RECORDS TO PROCESS
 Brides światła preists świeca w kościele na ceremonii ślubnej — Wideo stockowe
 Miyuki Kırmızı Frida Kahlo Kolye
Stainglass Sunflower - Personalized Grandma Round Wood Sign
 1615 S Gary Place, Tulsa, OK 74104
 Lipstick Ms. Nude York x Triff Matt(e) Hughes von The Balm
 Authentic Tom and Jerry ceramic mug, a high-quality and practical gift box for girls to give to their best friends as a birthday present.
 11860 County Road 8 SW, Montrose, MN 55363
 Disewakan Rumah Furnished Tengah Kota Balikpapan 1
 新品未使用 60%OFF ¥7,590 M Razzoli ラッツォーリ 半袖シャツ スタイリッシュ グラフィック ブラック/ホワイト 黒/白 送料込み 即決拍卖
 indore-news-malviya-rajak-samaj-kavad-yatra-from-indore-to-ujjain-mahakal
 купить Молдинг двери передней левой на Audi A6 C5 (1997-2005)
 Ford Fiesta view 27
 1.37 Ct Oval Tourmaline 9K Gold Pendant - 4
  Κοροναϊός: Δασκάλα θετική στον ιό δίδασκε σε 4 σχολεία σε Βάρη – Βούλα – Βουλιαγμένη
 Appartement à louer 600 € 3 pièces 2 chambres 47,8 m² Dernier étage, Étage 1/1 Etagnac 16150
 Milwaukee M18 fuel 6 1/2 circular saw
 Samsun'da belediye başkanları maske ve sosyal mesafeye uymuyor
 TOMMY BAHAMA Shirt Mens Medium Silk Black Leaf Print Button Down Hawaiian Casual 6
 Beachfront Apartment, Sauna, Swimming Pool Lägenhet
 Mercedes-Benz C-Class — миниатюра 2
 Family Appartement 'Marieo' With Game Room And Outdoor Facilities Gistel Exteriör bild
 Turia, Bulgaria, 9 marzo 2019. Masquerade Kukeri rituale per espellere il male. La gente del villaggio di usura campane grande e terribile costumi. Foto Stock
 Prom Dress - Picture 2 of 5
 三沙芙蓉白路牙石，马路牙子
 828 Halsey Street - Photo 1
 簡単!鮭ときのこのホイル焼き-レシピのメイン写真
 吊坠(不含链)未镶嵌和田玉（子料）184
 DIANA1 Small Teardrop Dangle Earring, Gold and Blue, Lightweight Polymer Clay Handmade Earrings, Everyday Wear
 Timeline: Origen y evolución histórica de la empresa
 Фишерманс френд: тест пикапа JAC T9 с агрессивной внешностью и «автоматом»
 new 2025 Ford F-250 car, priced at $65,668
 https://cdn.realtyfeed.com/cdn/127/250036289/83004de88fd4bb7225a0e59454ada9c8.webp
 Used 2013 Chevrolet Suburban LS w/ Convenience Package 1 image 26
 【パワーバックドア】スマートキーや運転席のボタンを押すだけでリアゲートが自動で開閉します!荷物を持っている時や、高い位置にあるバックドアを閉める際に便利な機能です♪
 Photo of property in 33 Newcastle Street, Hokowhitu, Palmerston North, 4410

DIRECTIONS
Scan the lines above for the word "Ford" and copy every one where it occurs.

WRITTEN ANSWER
 Ford Fiesta view 27
 new 2025 Ford F-250 car, priced at $65,668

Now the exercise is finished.